Oakland Nonprofit Creates Farm-To-Store Pipeline For Healthy Foods

In the food deserts of East and West Oakland, where a significant number of residents live more than a mile from a supermarket, a local nonprofit has come up with a way to get high-quality, low-cost fruits and vegetables straight from farmers into neighborhood corner stores.

The Healthy Retail Network by Mandela Marketplace has been operating for about a decade, putting a variety of fruits and vegetables into ten corner stores and seven regular produce stands. The stores in the network offer the produce on a consignment basis, paying only for what they sell.
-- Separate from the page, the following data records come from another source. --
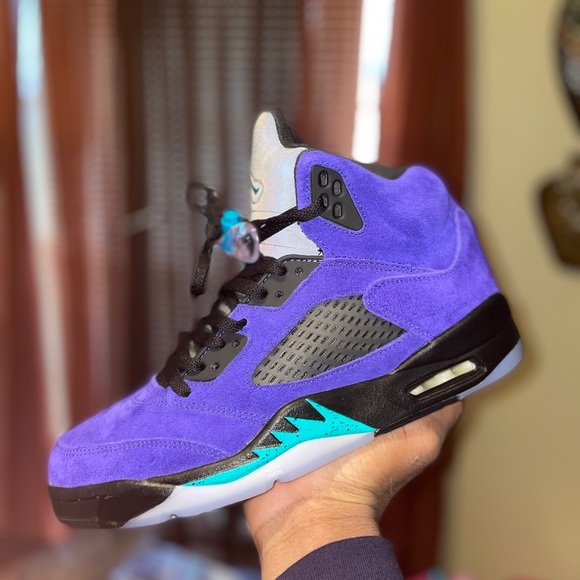 Jordan 5 alternate grapes men’s 8.5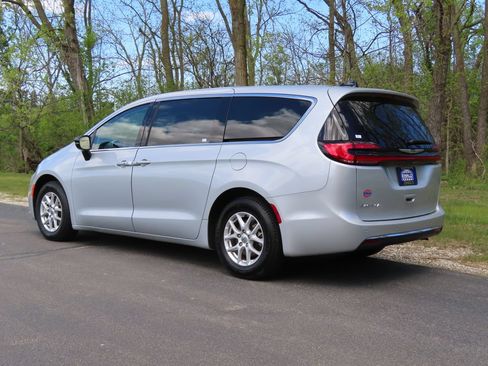Used 2024 Chrysler Pacifica Touring-L FWD image 27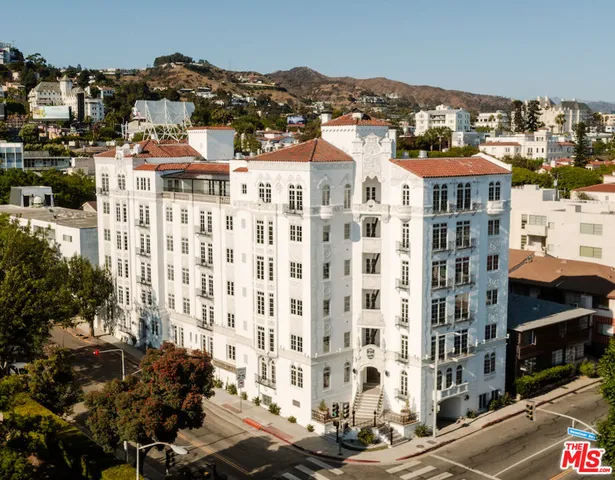 a picture of city view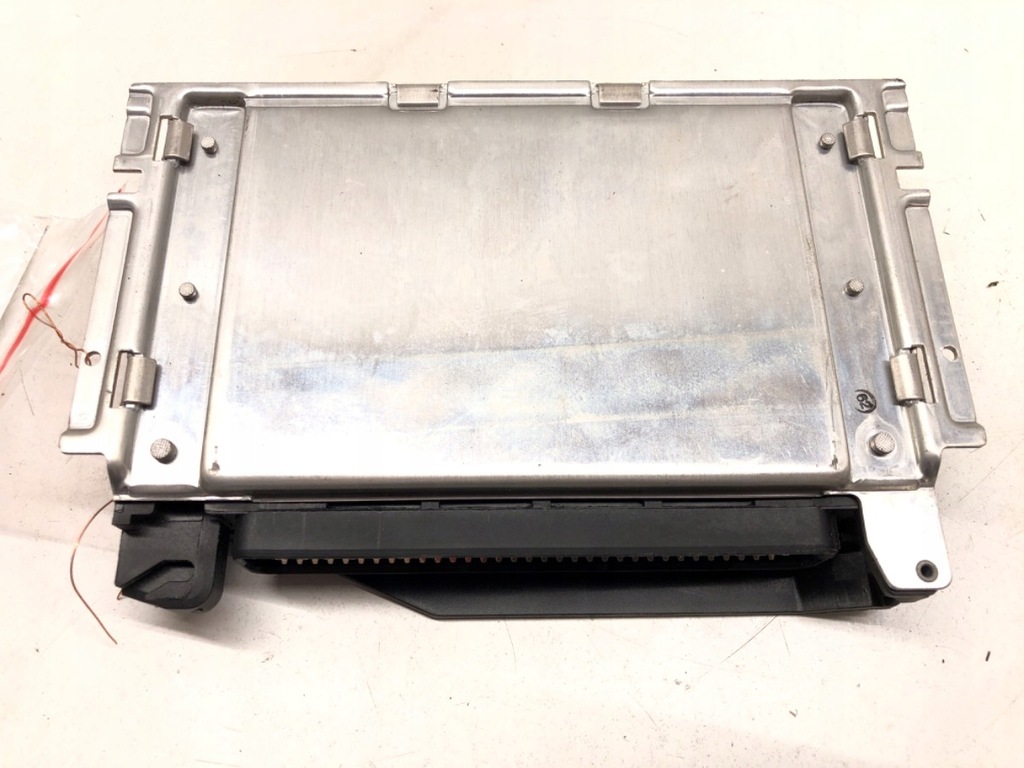 CONTROLLER CUTIE JAGUAR XJ 0260002704 96-03 4.0 MODUL 284KM Product image
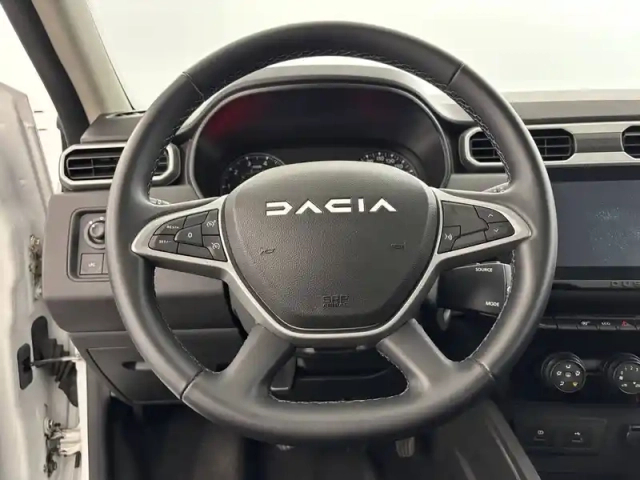 Dacia Duster eco-g 100 4x2 — photo 30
Mandela Marketplace program and policy manager Trisha Chakrabarti said the program has proven popular, and after years in West Oakland, recently added three stores in East Oakland, an area with limited food accessibility.

Over three months last year, the group conducted a survey of customers buying produce at the stores. While the full results of the survey haven’t been released, Chakrabarti said the seven West Oakland shops had eighty fruit and vegetable customers in one day.

“That's eighty people who either wouldn't have bought fruits or vegetables or would have traveled really far to get them," Chakrabarti said.

Produce is mainly sourced from farmers in the Salinas and Watsonville area of Monterey County, former farm workers now leasing land who are often short on capital. Through grant funding, Mandela is able to offer them assistance in the form of no-interest loans that are paid back in fruits and vegetables.

The Sav-Mor at 14th & Peralta is part of the Healthy Retail network.

More than $70,000 has been lent through the fund in the last three years, according to Mandela. 

The majority of produce comes from those farmers, but some out-of-season fruit is provided through a distributor in the Jack London Square area, Chakrabarti said.

Produce is dropped off at the corner stores on Tuesdays and Fridays. On Sunday afternoon, the Sav-Mor market at 14th and Peralta had bananas, avocados, oranges, limes, jalapeño peppers and tomatoes available.

The produce stands are popular as well, Chakrabarti said. Mandela operates five weekly and two monthly in convenient locations such as senior centers and schools, where parents can pick up fresh produce while dropping their kids off. Through grants, Mandela is able to offer to a discount for customers paying with CalFresh, the state’s food stamps program.

The network has grown significantly since the first produce stand opened over 10 years ago, and they are not done trying to address food accessibility issues in Oakland.

The Mandela Foods Cooperative, a Mandela Marketplace partner, is seeking to expand into the neighboring corner location across from the West Oakland BART station soon to be vacated by the 99 Cents Only store.